Just wondering how everyone is spending their bonus day off (unless you are one of those who are having to work that is!)

DH and I are taking the dog for a walk down the beach then gonna try and persuade him (DH, not the dog!) to buy me a yummy pub lunch!

Enjoy your day, 

Tracy xxx


----------



## Suzie (Jan 22, 2004)

I usually have to work some of the day but I have the day off today and dh is off at the cricket,  little one is off out with aunty and uncle so I have all day to myself  

x


----------



## Catb33 (Aug 1, 2006)

We have a farmers market at a local pub so nice and relaxed, which they're finishing off with a fun dog show so I'll be taking the dogs up for a nice pub lunch followed by the waggiest tail comp.


----------



## DizziSquirrel (Feb 15, 2005)

I am Catching up on all my FF stuff and uploading pictures from the meet, while doing some washing 
and DH decorates the hall stairs and landing.
Then Later I will go on my wii and watch some TV before bed


----------



## *Kim* (May 5, 2002)

Well at the moment i am mopping the floors while paul has took Joe for a walk. 

Kimx x


----------



## Sue MJ (May 4, 2002)

looking after sick people! Such fun


----------



## ♥MillyMax♥ (Nov 21, 2005)

No Bank Hols here, we had one last Thurs but unfortunately DH had to work, but we have another one next Monday, so today I am doing the domestic thing!            

Jx


----------



## Damelottie (Jul 26, 2005)

Not much here - still feel all ears/sinus/headache  . Not even dressed yes but eating a fab bar of chocolate that Carole bought me on Saturday - Mmmmmmmmmmmm.

A date is coming round at 4ish and we're off out for dinner later. I really can't be bothered but can't really cancel him again!

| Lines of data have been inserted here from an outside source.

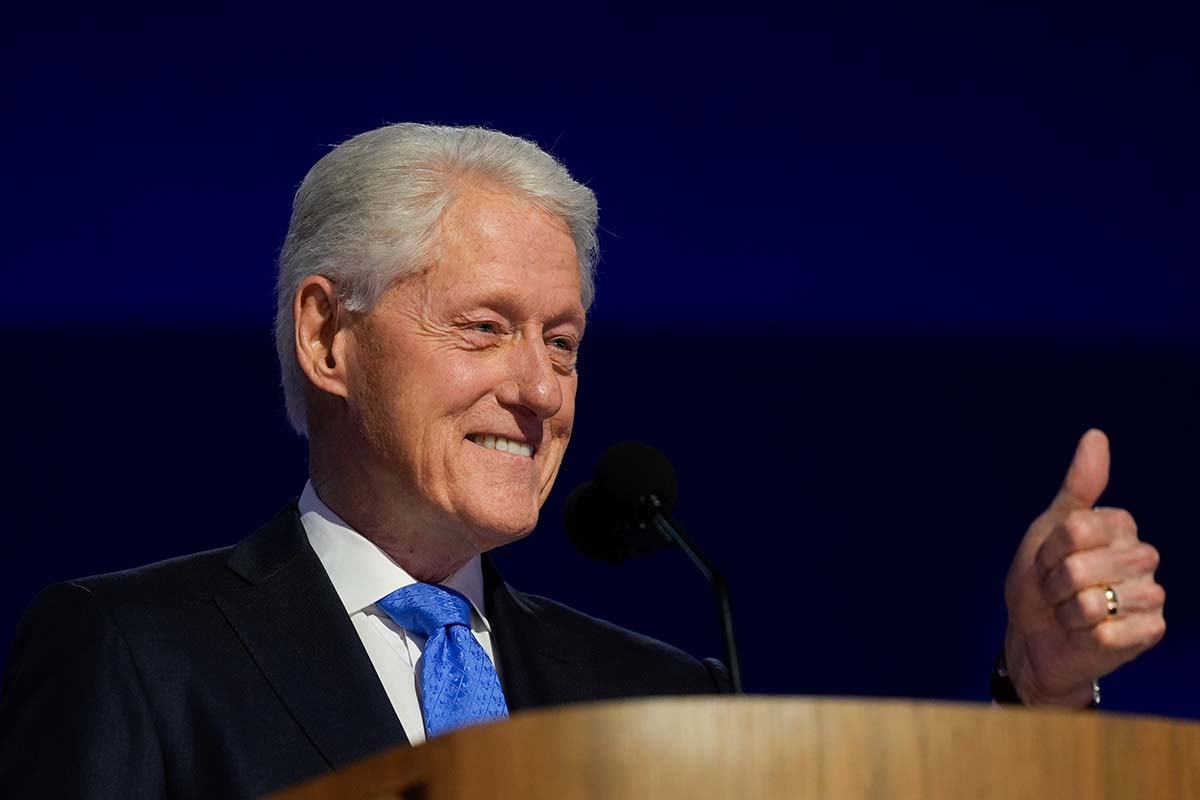 Former President Bill Clinton gives a thumbs up behind the lectern at the DNC in Chicago, 8-21-2024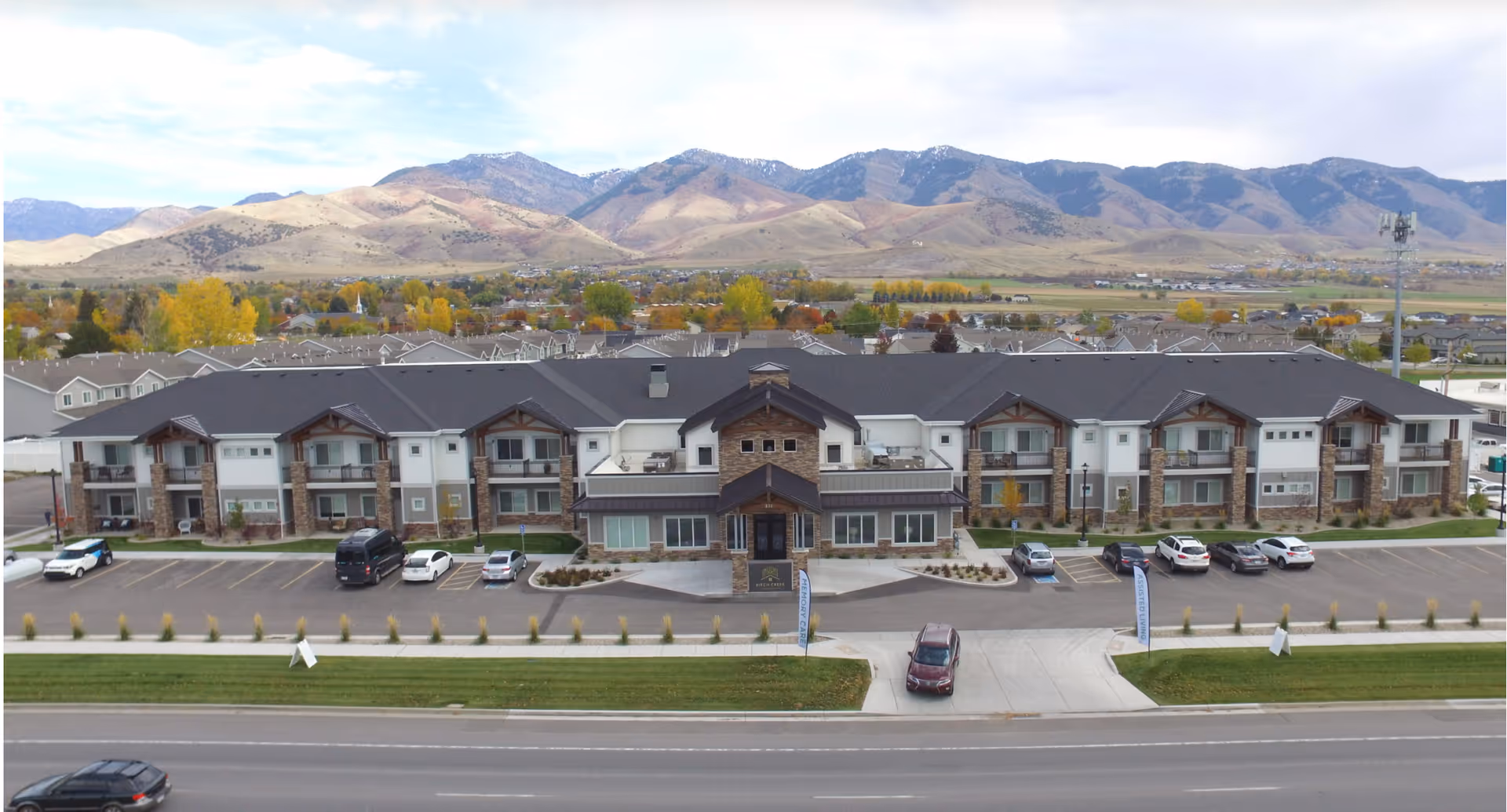 Front exterior view of Birch Creek Assisted Living of Smithfield, a two-story building with balconies, parking spaces, and a mountainous landscape in the background.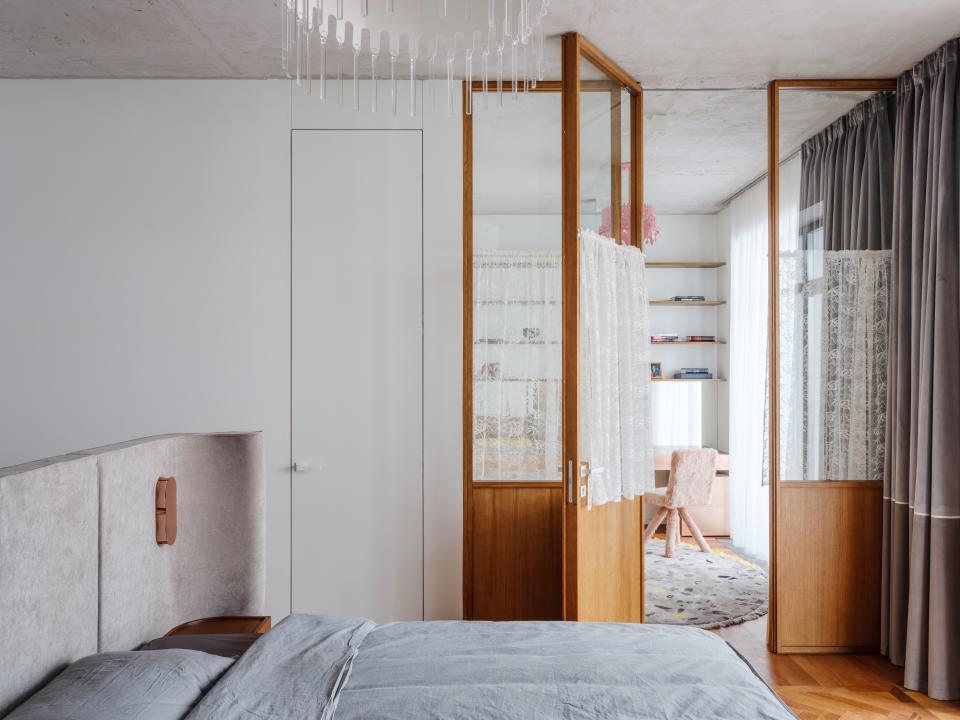 A simple bedroom with an intricate metal chandelier leads into Chilingarova's supersized closet, complete with a furry pink chair.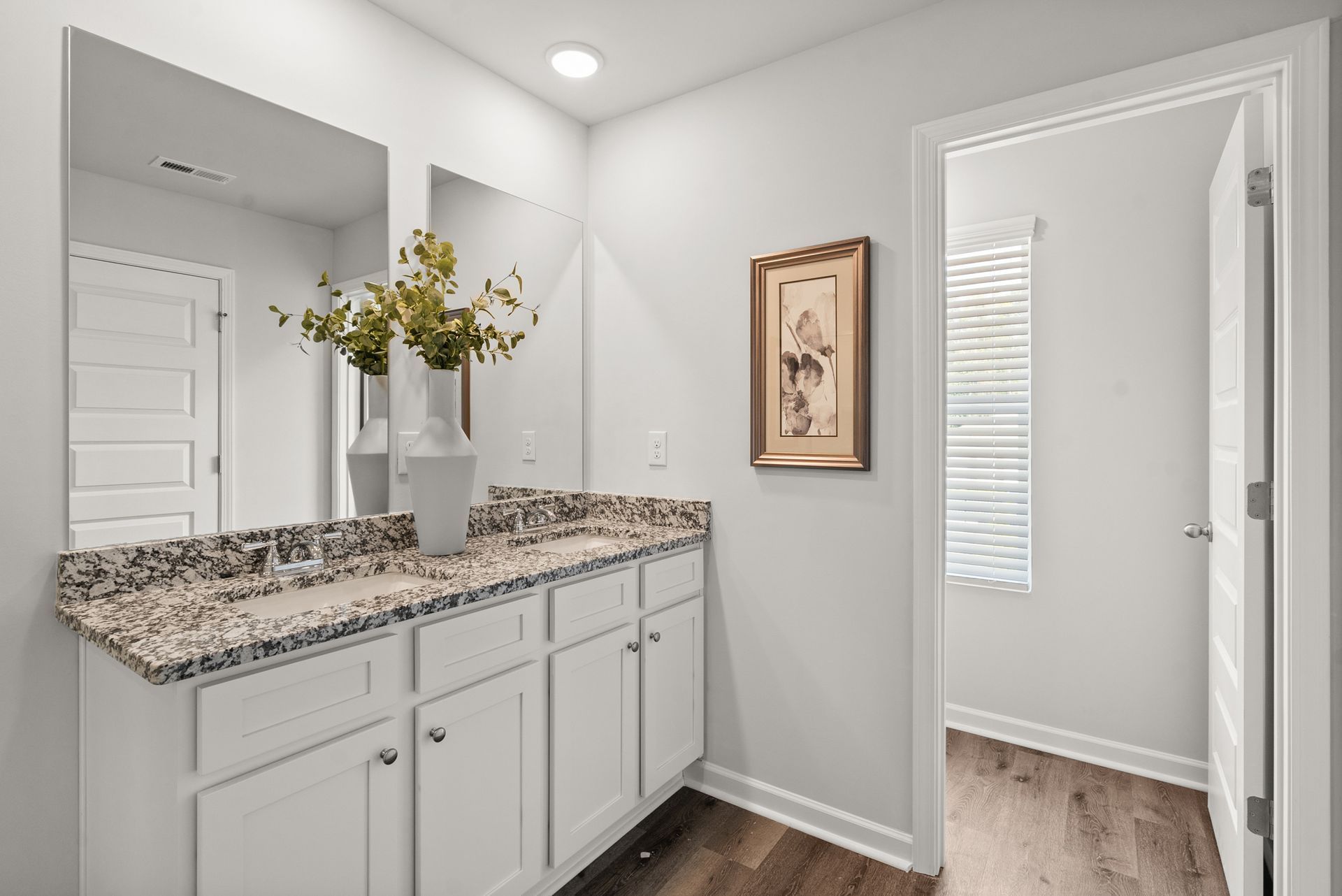 A bathroom with a sink , mirror , cabinets and hardwood floors.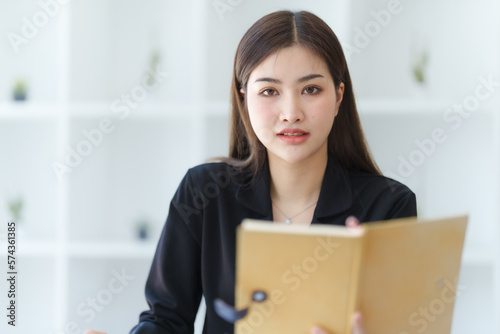 Attractive asia busy business woman consultant auditor working at modern office with balance sheet accounting bookkeeping documents. Account verification to prevent fraud bribery.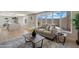 Cozy living room with access to the backyard, light furniture, and an open view to the kitchen at 7026 E Pasadena Ave, Paradise Valley, AZ 85253
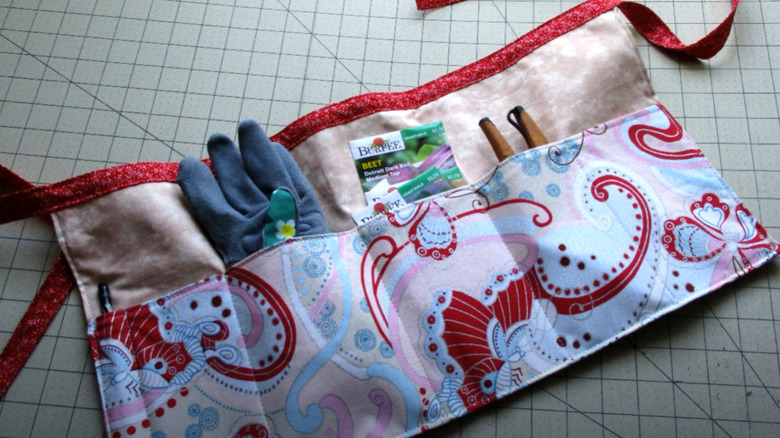 A DIYed garden apron with several pockets filled with vegetable seeds, gloves, and clippers.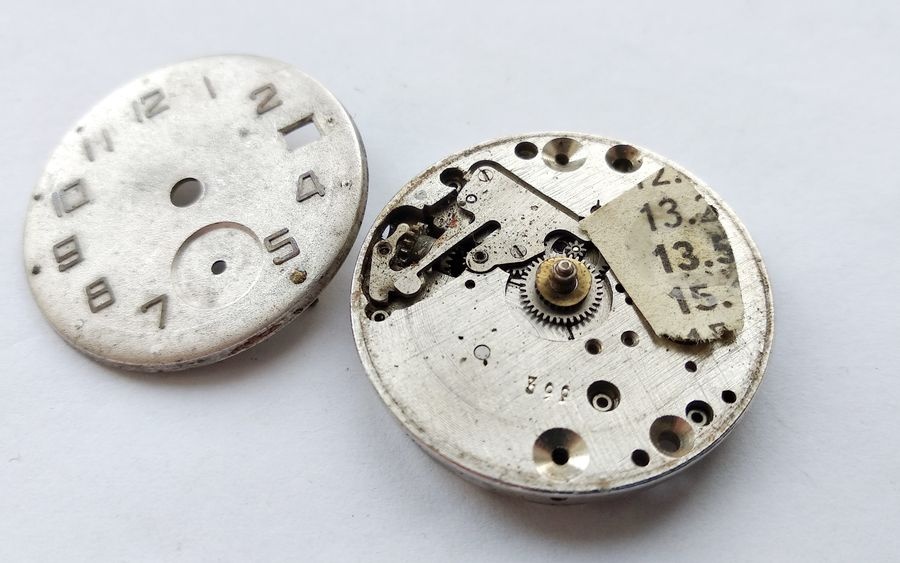 Vostok 2605 movement dial-side with newspaper clipping substituting missing calendar disc visible in calendar mechanism recess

I don't think I'll see him again though - think my lack of enthusiasm is telling my something.

Have also been 'surfing' for a camera like Dizzi's


----------



## girlie (Jan 17, 2007)

Dh has been doing the garden, although he's snoring in the chair now!!   

Ive been washing and pottering around, going to take Guiness out for a walk later with my mum and dad's new dog!


----------



## cleg (Jun 27, 2006)

i have spent the weekend in my PJ's   sad i know but have caught up on some well needed sleep plus DP has worked all w'end + nights tonight so havent been able to go anywhere, have got all me washing done though  

whatever you have on hope you have had a good one  

xxx


----------



## Wraakgodin (Jun 17, 2006)

Not a bank holiday here!!!  

Sue


----------